Disposable is used in its ordinary sense to mean an article that is
disposed or discarded after a limited number of usage events,
preferably less than 25 or less than 10 or less than 2 usage
events.
[0080] In one embodiment, the nonwoven article may have a length of
from about 5 to about 60 cm, or from about 10 to about 20 cm, a
width of from 5 to about 30 cm, or from about 10 to about 20
cm.
[0081] In one embodiment, the nonwoven article may have a thickness
between about 0.5 mm and about 10 mm, for example between about 2
and about 5 mm.
[0082] In one embodiment, the nonwoven article is dry. By dry it is
meant that the article does not comprise more than about 5% by
weight of a liquid. The article may exhibit a moisture retention of
less than about 3 grams, or less than about 1 gram or less than
about 0.25 g or less than about 0.1 g before usage. The nonwoven
article may be dry-to-the-touch. By "dry-to-the-touch" it is meant
that the nonwoven article are free of water or other solvents in an
amount that would make them feel damp or wet to the touch. The
article may comprise less than about 3% or less than about 1% by
weight of liquid. The article may comprise less than about 5%, or
less than about 3%, or less than about 1% by weight of water.
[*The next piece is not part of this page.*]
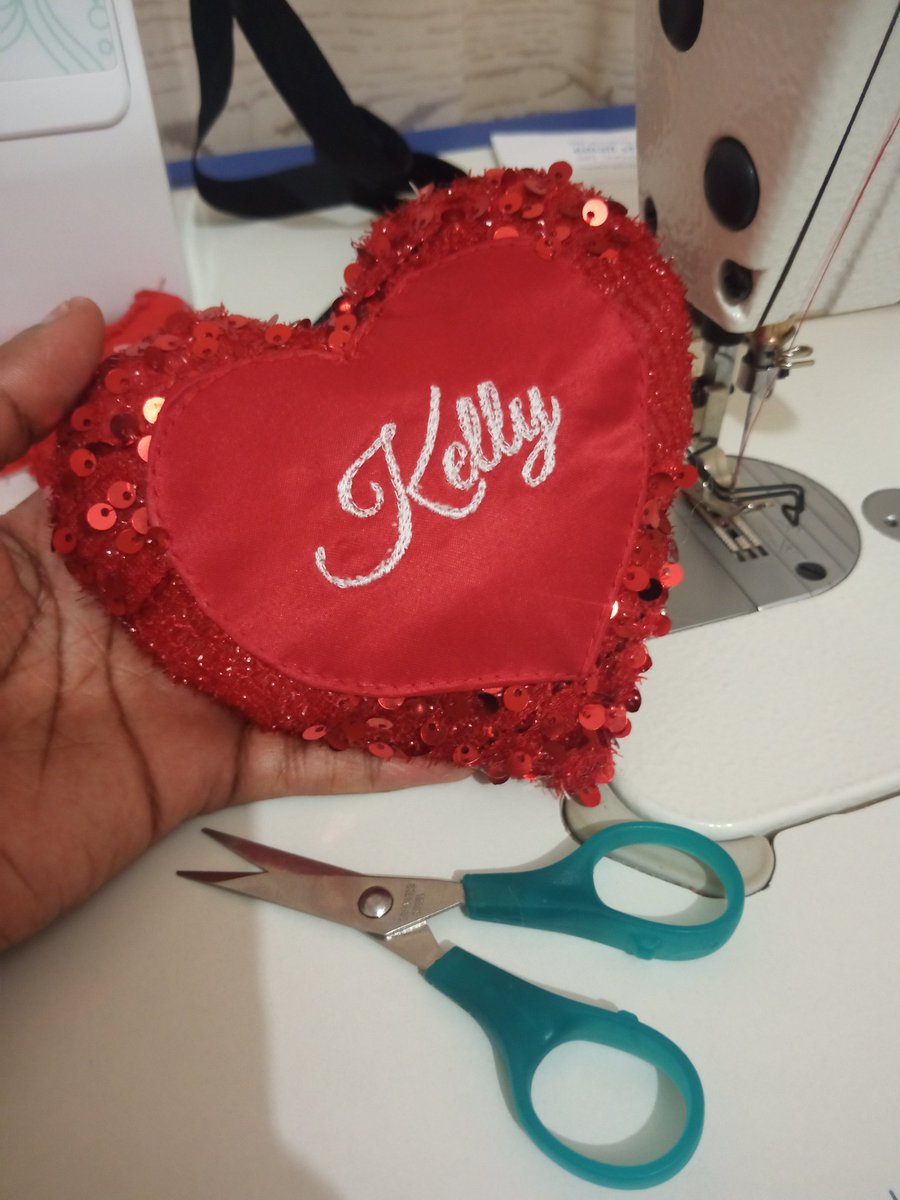 _RalesPillows's tweet photo. 💝 Personalized Mini Heart Cushions
📏 13 cm × 13 cm
✍🏽 Any name | Perfect Valentine’s gift
💰 R120 each
📦 Limited stock – Order early ❤️ https://t.co/PX8b0Cp0iI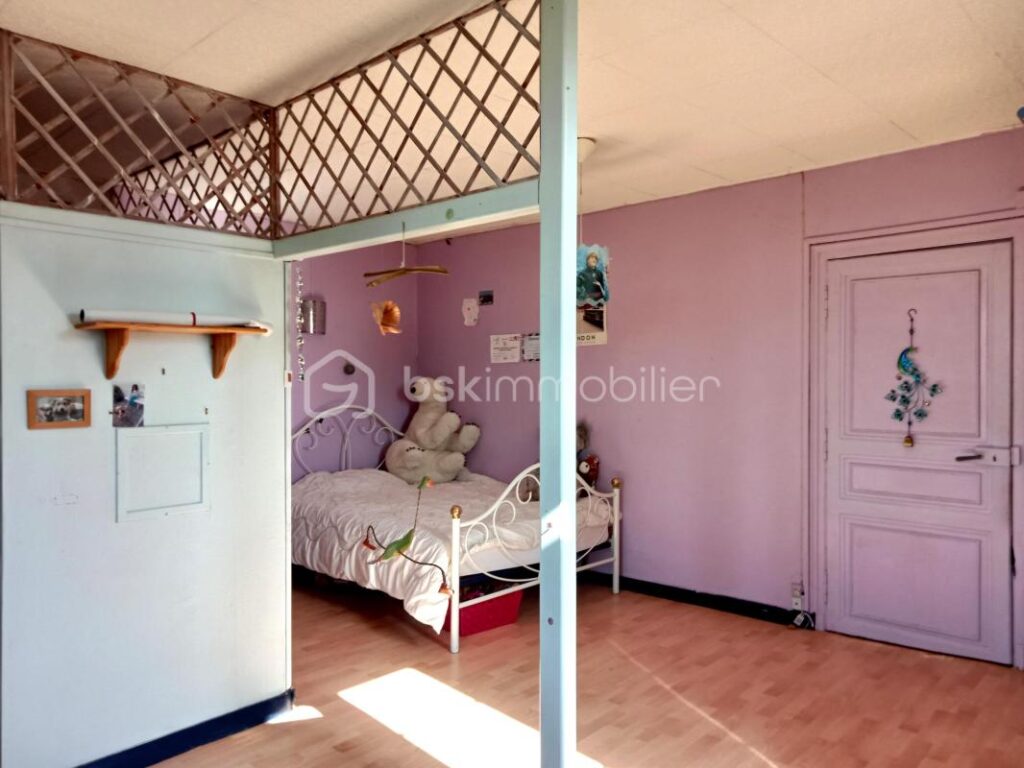 Maison de caractère à rénover – 8 pièces – 5 chambres – 189 m²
[0083] In one embodiment, the nonwoven article may comprise an
additive. The additive may improve cleaning performance and/or
enhance the cleaning experience. The additive may comprise wax,
such as microcrystalline wax, oil, adhesive, perfume and
combinations thereof.
[0084] In one embodiment, the nonwoven article may be
pre-moistened. The nonwoven article may comprise a liquid. The
nonwoven article may comprise at least about 1%, or at least about
3%, or at least about 5%, by weight of a liquid. The liquid may
provides improved cleaning of a target surface, such as a floor.
The liquid may not require a post-cleaning rinsing operation. The
nonwoven article may be loaded with at least about 1, 1.5 or 2
grams of liquid per gram of dry substrate, but typically not more
than about 5 grams per gram. The liquid may comprise a surfactant,
such as APG surfactant, agglomerating chemicals, disinfectants,
bleaching solutions, perfumes, secondary surfactants etc.
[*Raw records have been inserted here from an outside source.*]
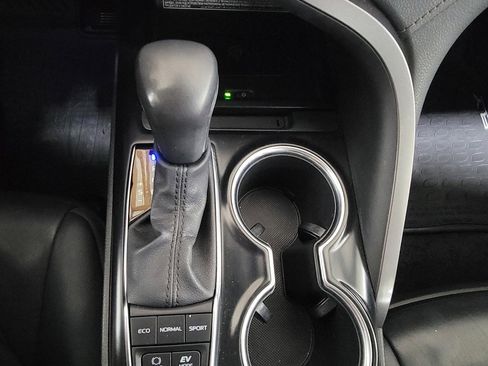 Used 2020 Toyota Camry XLE image 18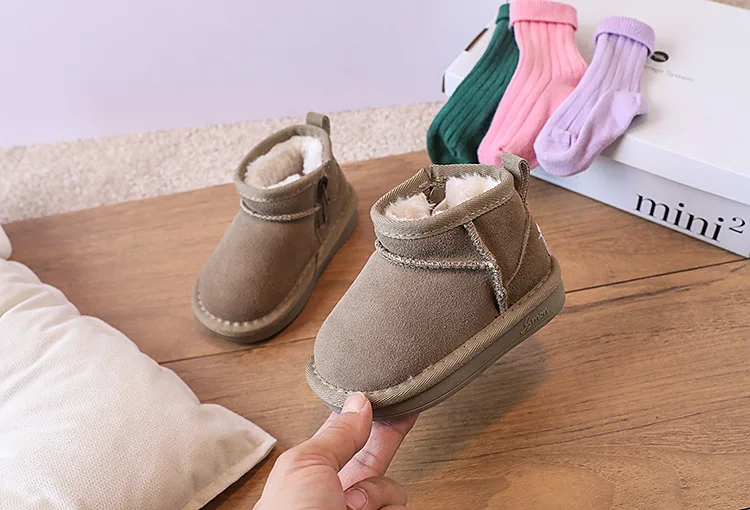 2025 New Winter Baby Snow Boots Leather Warm Plush Little Boys Shoes Non-slip Fashion Toddler Girls Boots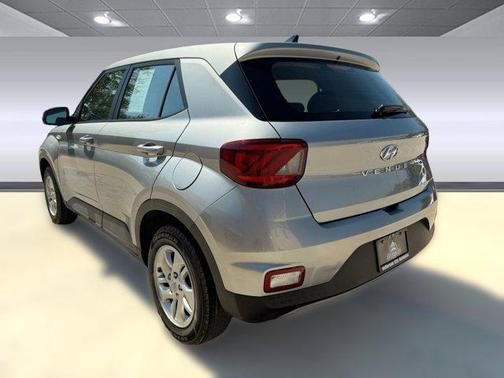 2021 Hyundai VENUE SE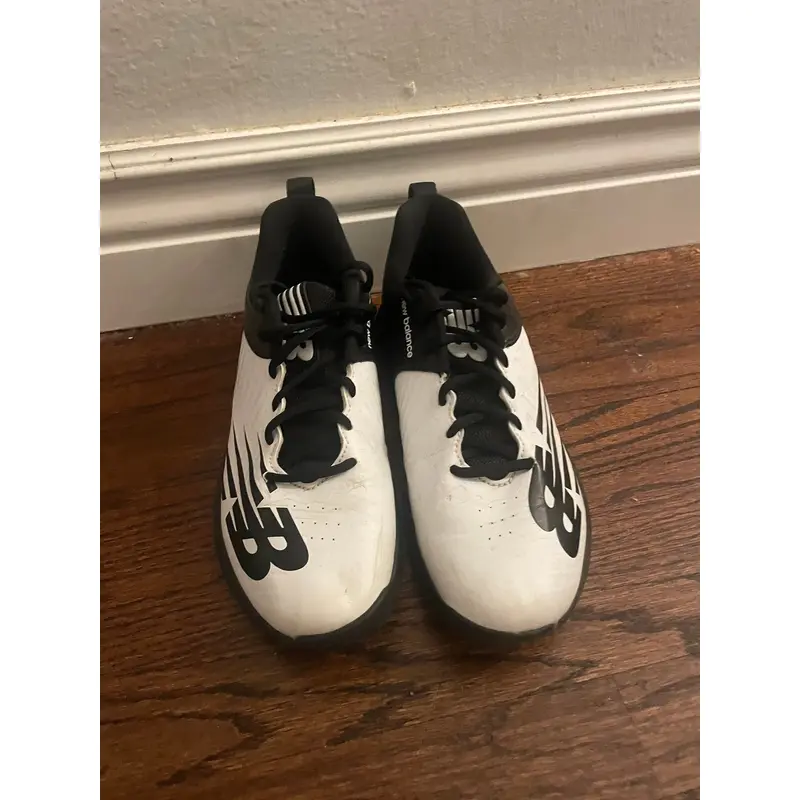 Turff Black Unisex Size M 5.0 (W 6.0) Youth New Balance Shoes (Used)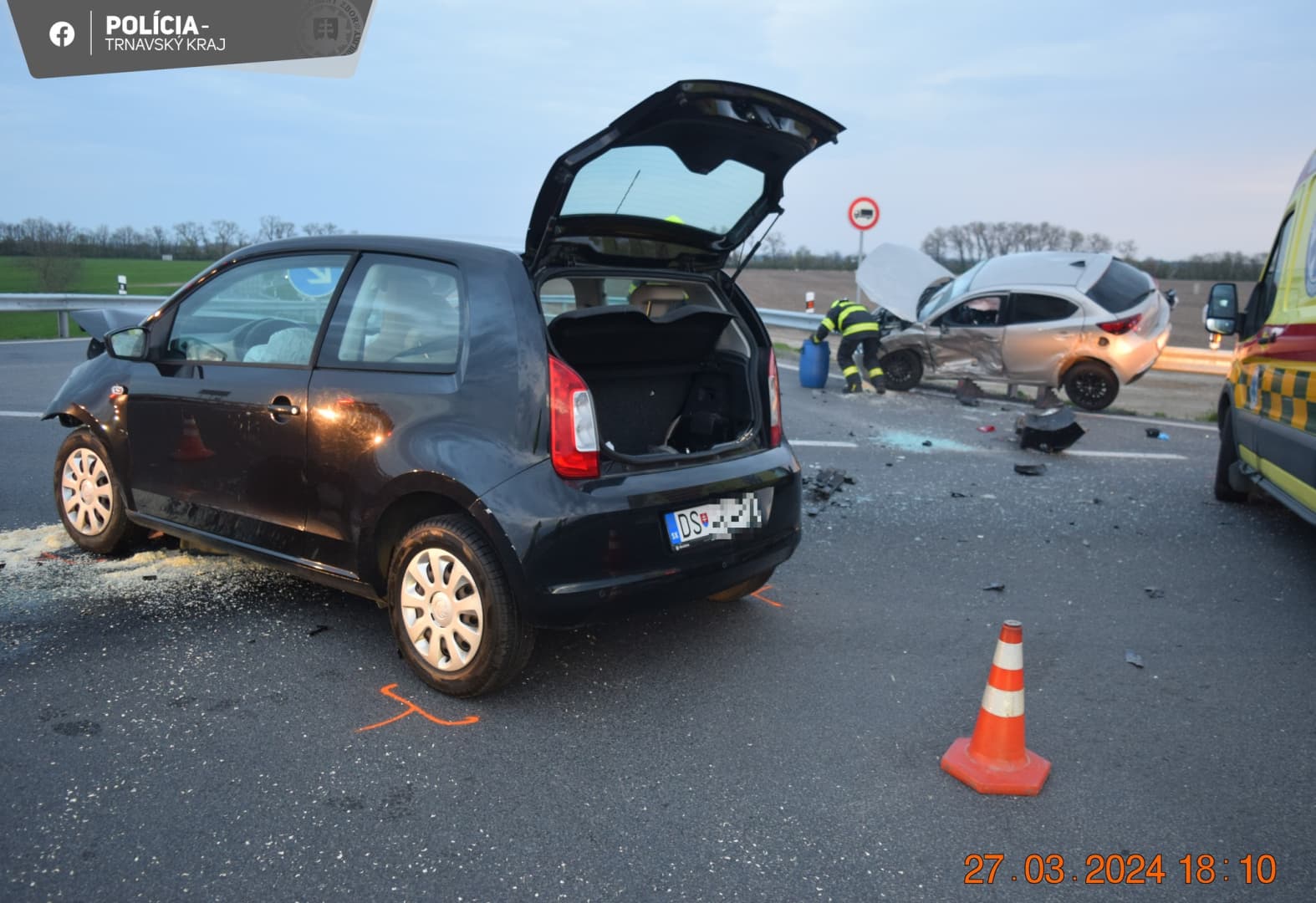 BALESET: Személykocsik ütköztek Somorjánál, mindkét sofőr megsérült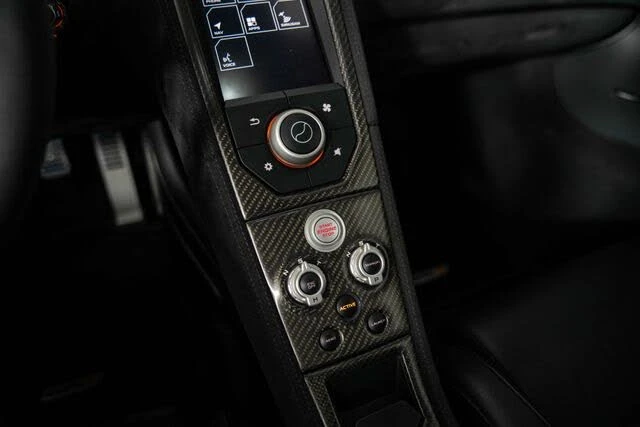 2016 McLaren 675LT Coupe - Image 22 of 31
[0085] In one embodiment, the nonwoven article may comprise layers,
to provide for absorption and storage of cleaning fluid deposited
on the target surface. If desired, the nonwoven article may
comprise absorbent gelling materials to increase the absorbent
capacity of the nonwoven article. The absorbent gelling materials
may be distributed within the nonwoven article in such a manner to
avoid rapid absorbency and absorb fluids slowly, to provide for the
most effective use of the nonwoven article.
[0086] In one embodiment, the nonwoven article may comprise one or
more webs of fibers disposed in a laminate. The lowest, or
downwardly facing outer layer, may comprise apertures to allow for
absorption of cleaning solution therethrough and to promote the
scrubbing of the target surface. Intermediate layers may provide
for storage of the liquids, and may comprise the absorbent gelling
materials. The nonwoven article may have an absorbent capacity of
at least about 10, 15, or 20 grams of cleaning solution per gram of
dry nonwoven article, as set forth in commonly assigned U.S. Pat.
Nos. 6,003,191 and 6,601,261. The top, or upwardly facing outer
layer, may be liquid impervious in order to minimize loss of
absorbed fluids. The top layer may further provide for releasable
attachment of the nonwoven article to a cleaning implement. The top
layer may be made of a polyolefinic film, such as LDPE. The outer
layer of web of fibers may have a basis weight of about 5 to 30
gram per square meter, for example from about 10 to 20 grams per
square meter. Such basis weight has been found to be particularly
suitable when the abrasive particles are between the outer layer
and another web of fibers.
[0087] In one embodiment, the nonwoven article may be used with a
stick-type cleaning implement. The cleaning implement may comprise
a plastic head for holding the cleaning sheet and an elongate
handle articulable connected thereto. The handle may comprise a
metal or plastic tube or solid rod. A suitable stick-type cleaning
implement may be made according to commonly assigned U.S. Pat. Nos.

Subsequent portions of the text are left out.